Voici, enfin, le n°22 de Culture clown ! Un an et demi s’est écoulé depuis le n°21 et nos abonnés étaient en droit de s’inquiéter ! Il faut dire que le Centre de Recherche sur le Clown Contemporain qui édite la revue est en pleine mutation*… ce qui a retardé sa sortie et sa transformation annoncée dans le n°21. Nous avons donc gardé son format habituel dans cette phase d’entre-deux que nous traversons. Or il se trouve que le thème de ce numéro est symbolique de l’entre-deux puisqu’il situe le Clown comme un passeur**, entremetteur se positionnant sur le passage entre deux mondes.

En quinze ans de parution, notre revue a souvent abordé cette fonction du Clown mettant du jeu, du lien, de la circulation, entre nos échecs et nos réussites, entre nos souffrances et nos plaisirs, entre nos ombres et nos clartés, et aussi entre le réel et l’imaginaire, entre le poétique et le politique, entre la scène et le public… Pour ce dernier numéro de sa formule actuelle, Culture clown ose explorer comment le Clown funambule déploie son jeu entre la vie et la mort (tel Charon dans la mythologie grecque***) et mise sur la vie... jusqu’au bout !

• La première partie de notre dossier nous amène sur le terrain de la fiction et du côté de la scène spectaculaire.

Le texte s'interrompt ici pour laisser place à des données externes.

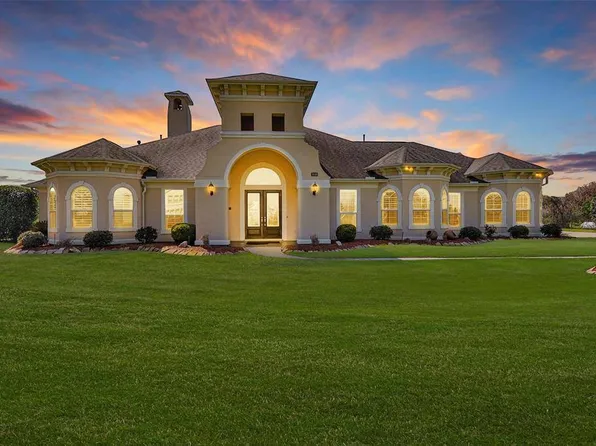 2119 Red Bird Ln, Brookshire, TX 77423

Vous y découvrirez l’expérience d’acteurs et actrices clowns qui se sont lancé-e-s dans une création sur le thème de la Mort, ce personnage si présent dans notre culture sous les traits de la Faucheuse****. Les cinq spectacles évoqués sont tous devenus une façon drôle et vivante de nous confronter à la question de notre propre mort.

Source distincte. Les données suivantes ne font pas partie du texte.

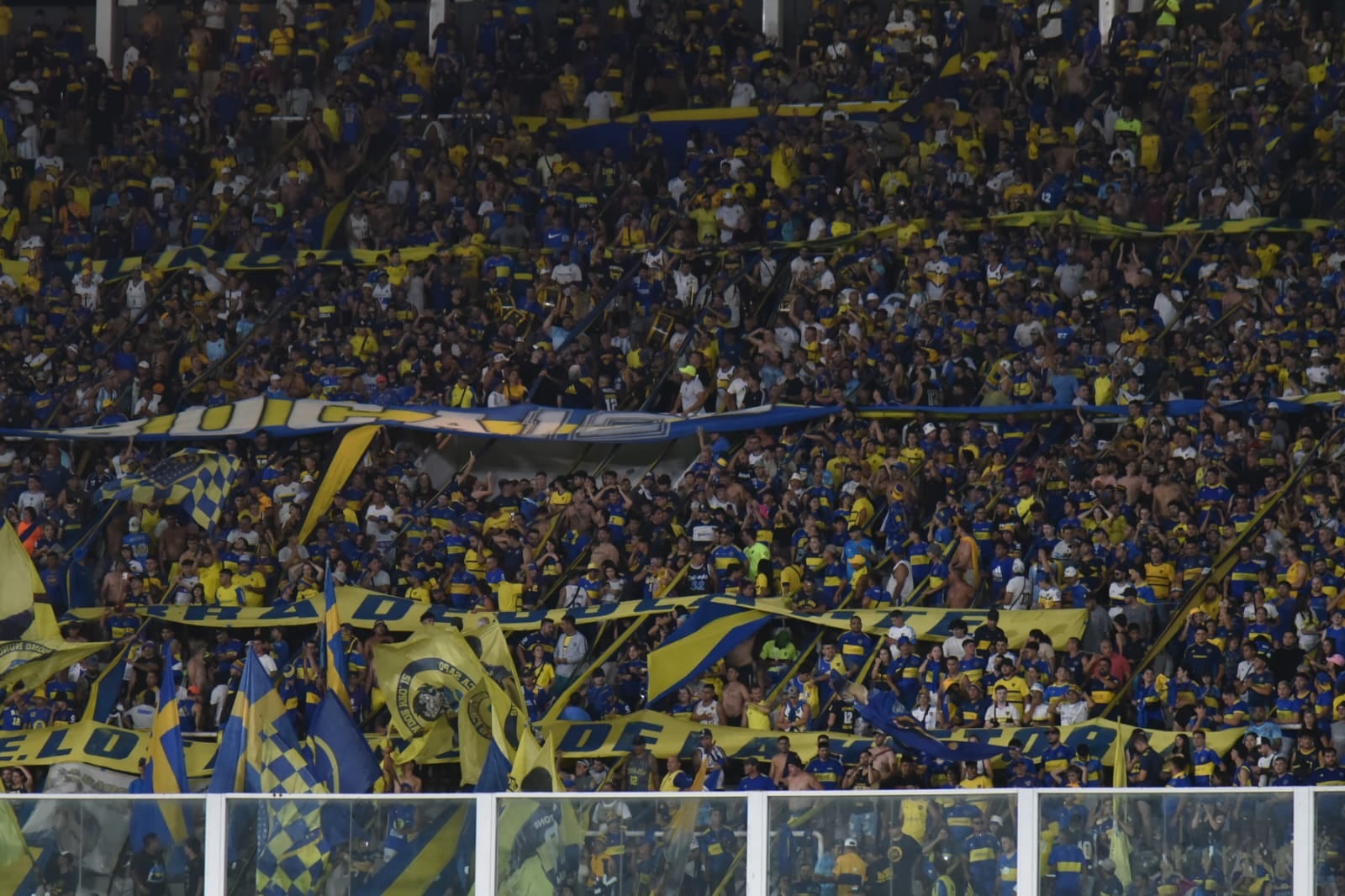 Amistoso Talleres Vs Boca Juniors en el Mario Alberto Kempes. (Facundo Luque / La Voz)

• La seconde partie nous ramène sur le terrain de la réalité sociale où des clowns interviennent auprès de personnes vulnérables et/ou en fin de vie. L’espace de rencontre et de jeu que les clowns ouvrent dans ce contexte délicat est là encore funambulesque... D’ailleurs, ce type d’interventions est devenu un vrai métier exigeant et impliquant. Chaque expérience présentée dans ces pages développe une approche sensible et créative des enjeux de cet entre-deux qui nous concerne tous… Et chacun des cinq témoignages rassemblés nous donne des pistes de travail, que ce soit en tant que personne ou en tant qu’acteur-clown : « oser jouer avec ce qui est là » (B. Sylvander), « une communication au présent où chacun est acteur et créateur de ce qui s’invente » (D. Bernard et J. Kerbarge), « ce filet de vie que l’on a continué de tisser… une sorte de dignité retrouvée au contact des clowns » (P. Gondebeaud et A. Buffet), « la vulnérabilité du clown est la clef de voûte de ce travail » (N. Grivel), c’est du point de joie en moi que je peux apaiser l’autre » (S. Meunier).

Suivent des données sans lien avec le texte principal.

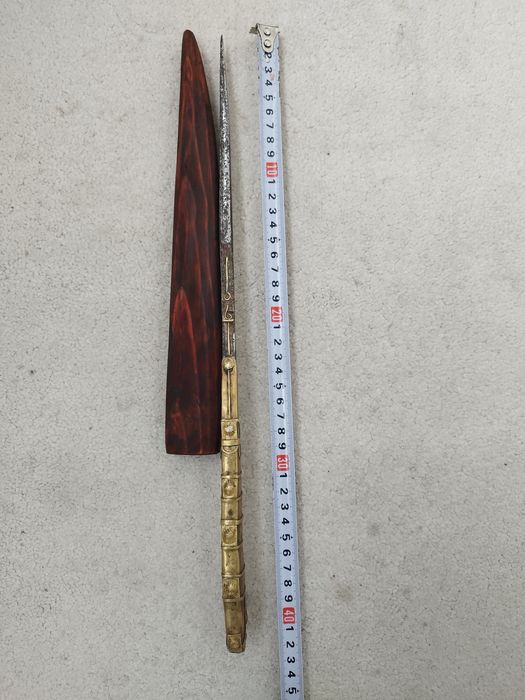 Стар буйновски нож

• En complément à ces deux terrains, deux auteurs évoquent successivement l’entre-deux social exploré par les clowns face à la violence (A. Velasquez) et l’entre-deux personnel exploré en formation (P. Rousseaux).

Pour dépasser l’idée de séparation entre la vie et la mort, empruntons à Daniel Sibony***** sa réflexion sur l’entre-deux : « L’entre-deux est une forme de coupure-lien entre deux termes, à ceci près que l’espace de la coupure et celui du lien sont plus vastes qu’on ne le croit ; et que chacune des deux entités a toujours partie liée avec l’autre ».

Ainsi le Clown, navigateur empathique de l’entredeux, tisse des liens précisément à l’endroit (et à l’envers) le plus fragile de notre humanité !

* Voir les infos du CRCC en 3ème de couverture.

** Hélas, l’actualité a donné une image très négative à d’autres "passeurs", ceux qui exploitent les migrants et les envoient souvent de la vie vers la mort sur des bateaux pourris en Méditerranée… A l’opposé, ce dossier en témoigne, le clown prend le parti de la vie dans son accompagnement de passages pleins de vie.

*** Charon passeur des Enfers chargé de mener sur sa barque les âmes des personnes défuntes jusqu’au royaume d’Hadès.

**** La Mort a été représentée en tant que figure anthropomorphe et personnage fictif dans de nombreuses mythologies et cultures populaires. Dans le folklore occidental moderne, la Mort est représentée comme un squelette portant une toge noire avec capuche et une grande faux... C’est ce que nous retrouvons, au fil de ce n°, dans les dessins de Jiho et dans les spectacles d’Amédée Bricolo et d’Emma la clown.

**** D. Sibony, Entre-deux. L’origine en partage, Editions du Seuil, 1991.